The nurse who was looking after him gave him something to eat and drink. It soon became apparent that although he was confused about recent events, the man could remember his past and was eager to chat with the emergency staff. As the ED became quieter, many of the staff took some time to chat with the man. He was able to recall being a singer, and the name of the jazz band that he had sung with. He was happy chatting for a while but eventually became impatient and somewhat agitated. He was obviously uncomfortable with an intravenous cannula in his arm and unsure about where he was. Staff googled some of his music and played it for him to see whether this would ignite any memories and calm him down. The effect was immediate; he quickly responded and began to dance, tapping his toes and singing along to the music.

The results of all his blood tests were normal, so his intravenous cannula was removed. However, he had no intention of going to sleep as he was enjoying himself. Elderly patients are usually admitted to the short stay ward during the night and sent home in the morning, but in this instance it was decided that the man should stay in the ED in case he disturbed patients who were trying to sleep. Throughout the night, staff gave him time to his tell stories, played him music and even found pictures for him from the time when he had played in his band. Initially the man spoke English, but as the night wore on he began to speak in another language. As we learned more about him, we discovered that his jazz band had survived apartheid South Africa, where he had been born, and that the band had been one of Nelson Mandela’s favourite performing groups.

Looking after this man was an extremely rewarding and positive experience. It highlighted how well emergency staff can work as a team to provide high-quality care for all patients. What was perhaps an even more important learning point was that we discovered the value of reminiscence for the older patient.Woods et al (2009, p. 9) recommend that, regardless ofhowconfused a patient may be, particularly if they have cognitive impairment such as dementia, it is possible with time and patience to make valuable connections with the person that they were. This connection helps to frame them in a new light and, to an extent, restores their individuality and personhood,which are so often diminished by dementia. It also helps to accord them the respect they so truly deserve.

It is estimated that dementia currently affects over 820 000 people in the UK and that, at any given time, one in four inpatients in UK hospitals have some form of dementia (Sampson et al, 2009). Over the next 20 years, the number of people aged 85 years or over is set to increase by two-thirds. Many of these individuals will have dementia of varying degrees, and traditionally medical and nursing staff in acute care settings have not always had the specialist training necessary to respond effectively to this diverse and vulnerable group. Education and training programmes will help, and initiatives such as the Forget-me-not Dementia Training (www.forgetmenotdementia.co.uk) help to focus thinking, bringing staff together to explore new ideas to improve the quality of day-to-day life for people with dementia by changing the way we think about, speak to and act towards them.

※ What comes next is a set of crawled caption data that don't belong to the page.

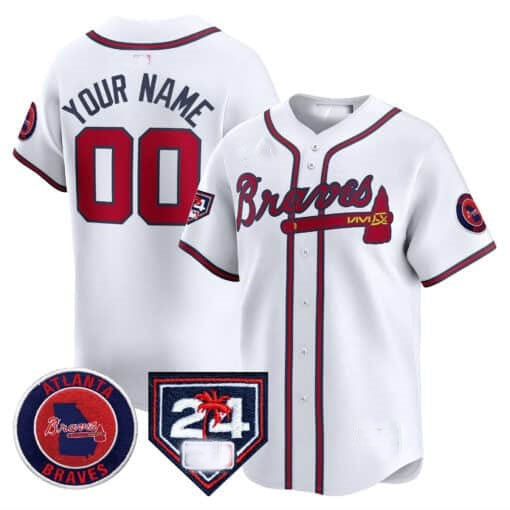 Custom Atlanta Braves 2024 Spring Training Patch Vapor Premier Limited Jersey ¨C White Fedasgoge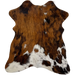 Tricolor Mini Cowhide:  has a mix of brown and black, with a few small, white spots on the back and shoulder, and white with black speckles and brown and black spots along the lower edge - 2'8" x 2'3" (MINI256)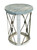 Cottage / Rough Slate Iron Cylinder End Table with Knotted Rope Accent - 25"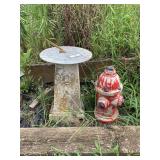 Concrete Sundial and Painted Fire Hydrant Garden Statuary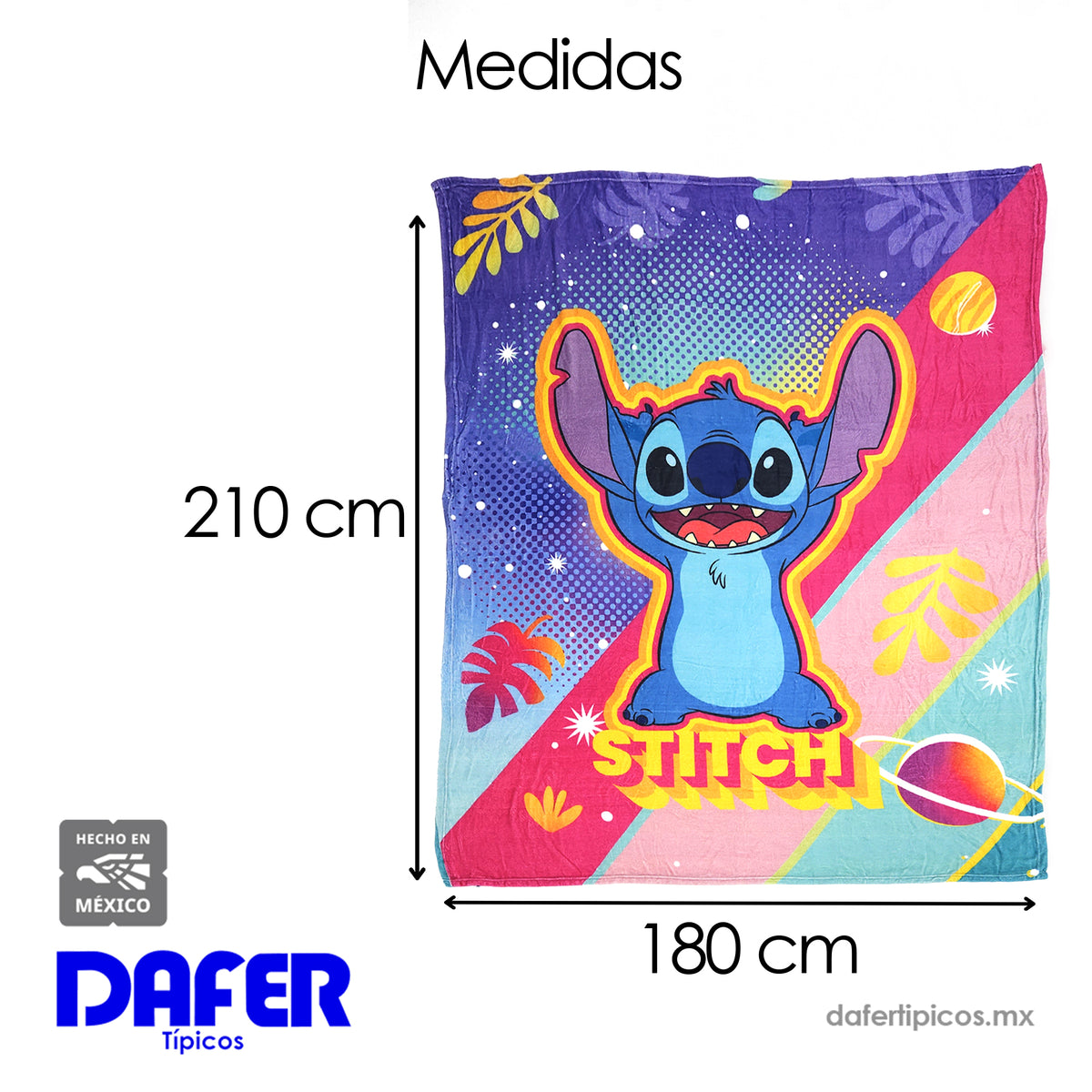 Cobertor Ligero Super Suave Matrimonial Diseños Providencia® Stitch Aloha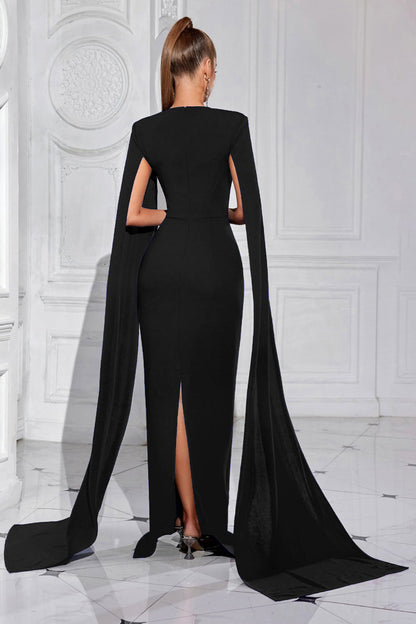 Black Sheath Long Prom Dress with Cape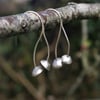 Silver Bell Flower Dangle Earrings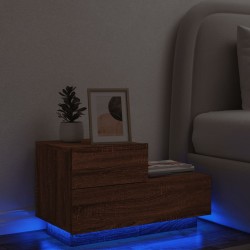 Sonata H Нощно шкафче с LED осветление, кафяв дъб, 70x36x40,5 см - Noptiere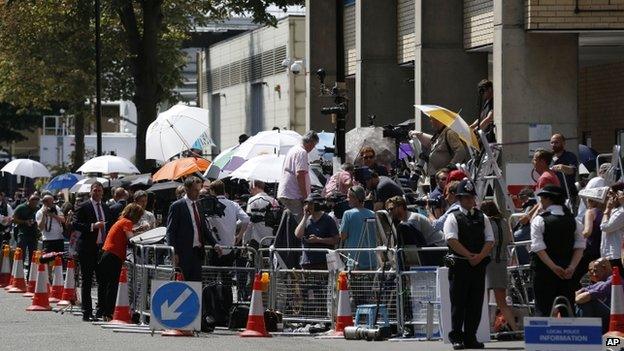 Reporters and photographers gathered outside the hospital where the Duchess of Cambridge gave birth last summer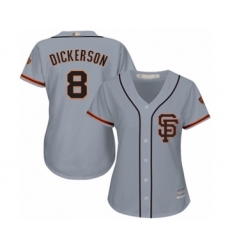Women's San Francisco Giants #8 Alex Dickerson Authentic Grey Road 2 Cool Base Baseball Player Jersey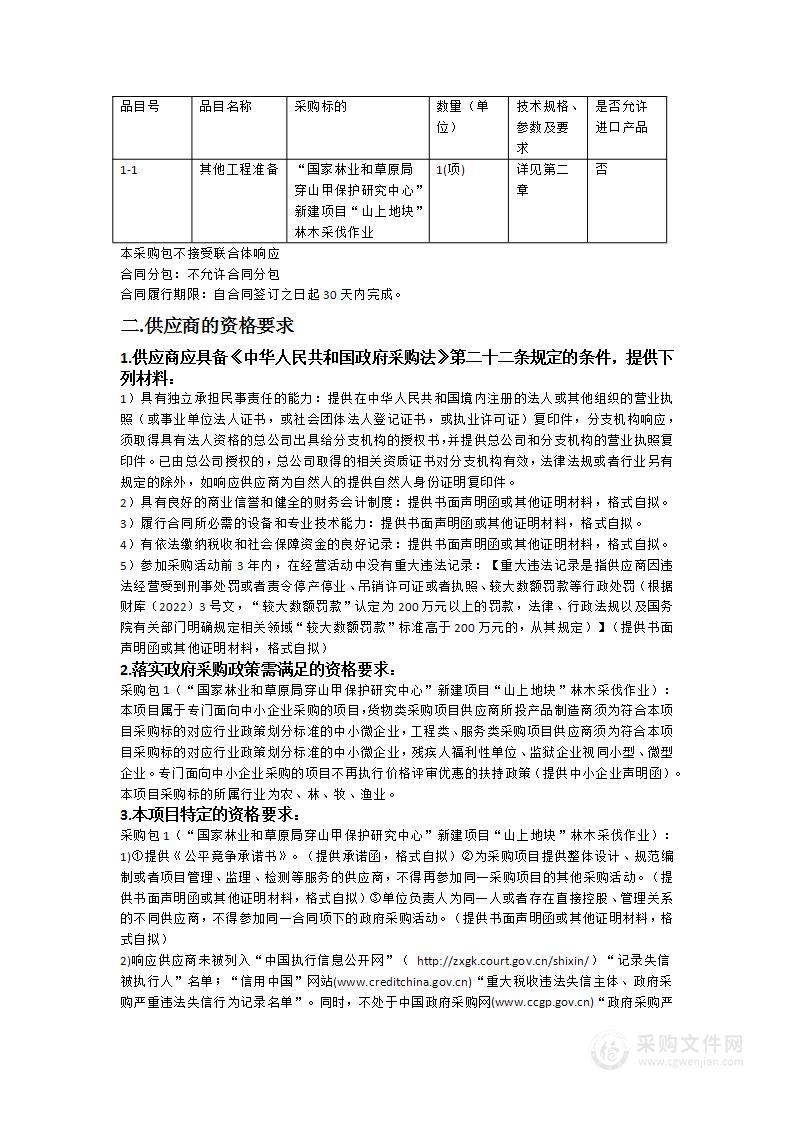 “国家林业和草原局穿山甲保护研究中心”新建项目“山上地块”林木采伐作业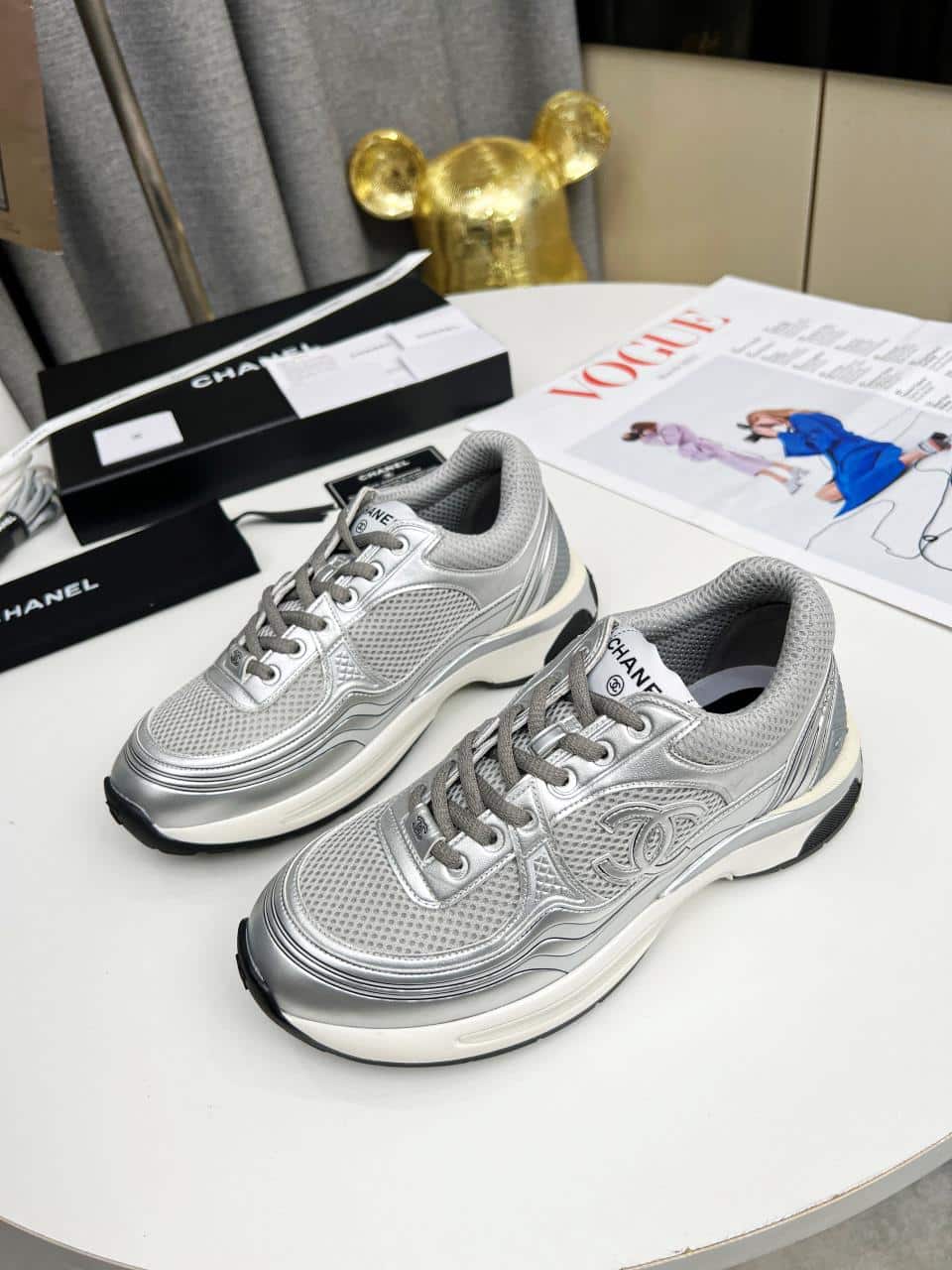 Chanel 23C Silver Metallic Cc Logo Lace Up Flat Runner Trainer Sneaker Gray view 10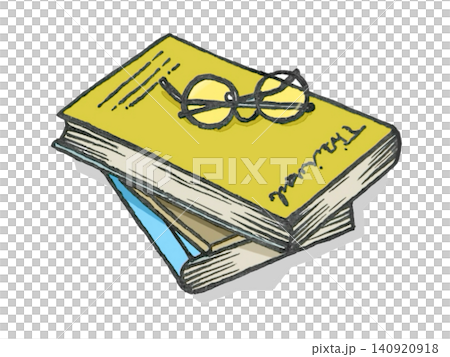 A nostalgic image of round glasses and an illustration of a book. 140920918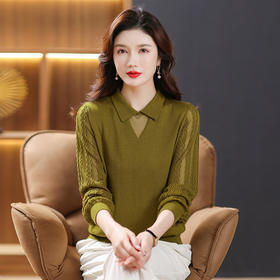 QY YM6975娃娃领镂空针织衫洋气纯色宽松上衣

However, positive and innovative as such initiatives are, they are no substitute for basic kindness and a genuine desire to respond effectively to individuals and their special needs. The staff who were caring for this man showed exactly these qualities, as well as great ingenuity, using technology to link him with his past. The outcome was a great sense of security, reaffirmation and reassurance. The man was recognised and respected for what he had achieved, rather than merely being viewed as a confused elderly patient. It is all too easy in the increasingly pressured and urgent environment of the ED to see the presenting complaint rather than the person behind it, especially if that individual is unable to articulate just who he or she is. As this account testifies, trying to find the person through the mist that is cognitive impairment calls for alternative approaches and a degree of creativity, but the effort brings its own rewards. This heart-warming encounter left us all with a renewed sense of purpose and of a job well done, most of all because this man, and who he was, were not forgotten.